In short, it changed my life. For the first time I felt able to be truly and fully myself. I had never realized how much was missing from my life holding back from talking about the experience of being queer, and relating to other queer-identified people. I had feared that the weekend would be all about folks trying to hook up with one another … more of what I’d experienced in Chelsea. What I experienced instead was a kind of community that was entirely new to me. We prayed together, ate together, sang together, learned Torah together, and all in a queer paradigm. I saw queer Jewish families, I saw religious queer Jews having religious queer lives, holding the same priorities I did while not compromising who they are, without putting any part of them on the shelf. I talked and learned with queer rabbis and I finally felt like my readings of scripture, which are of course informed by my experience of the world through queer eyes, had some legitimate basis. There is no Torah like queer Torah. It was so delicious.
We had a dance party in the Beit Midrash after Shabbat was over. We danced together in dimmed lighting to pulsing music among holy books. Lesbians danced with bisexual men, who danced with gay men, who danced with trans women, who danced with queer folks.
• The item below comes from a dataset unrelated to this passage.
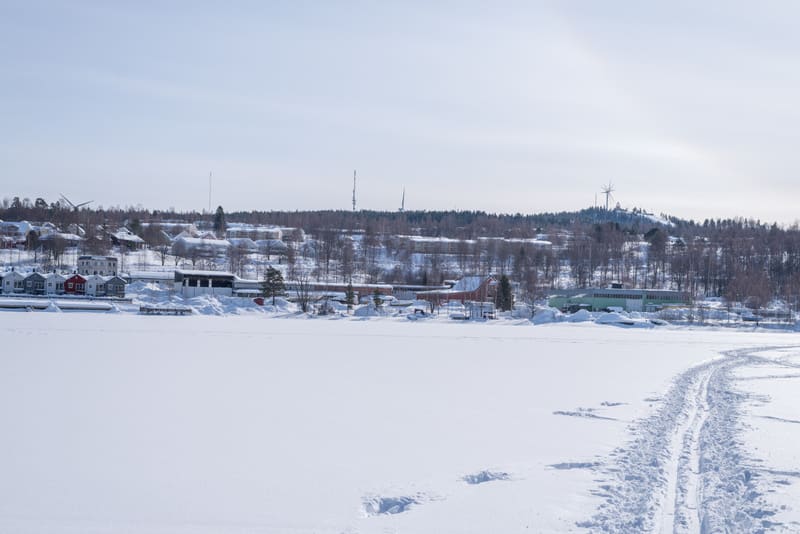 En landskapsbild tagen under dagtid med en bred horisontell vy över ett snötäckt landskap. I förgrunden syns ett vidsträckt område täckt av snö, troligen en frusen sjö eller ett fält, med tydliga skidspår som löper diagonalt från höger sida och inåt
All together we let go and celebrated each other on the dance floor, sometimes in pairs, often in circles, turning to one another, smiling, laughing, enjoying each other’s company, some romantically, others in friendship, as family. All of us in that room were dancing with the divine spark we’d all found in one another over the weekend. When we danced together that night, we danced with God.
We come to understand and integrate the disparate elements of our identities from many directions. I have met many queer Jews who came to embrace Judaism and Jewish identity by encountering it for the first time through the lens of their queerness.
I know many, too, whose understanding of their queer identity is always filtered through the prism of their Judaism, and who learn from their Judaism to embrace their queer selves. No human being can be neatly defined and categorized, and no one should have to feel that they must choose one identity box to the exclusion of others, which are just as integral to our beings. However, we come together with ourselves, there is perhaps no sweeter reconciliation than finally learning to embrace two sides of our identities which have been placed in opposition, when all along they should have been complimentary, intertwined, perhaps inextricable.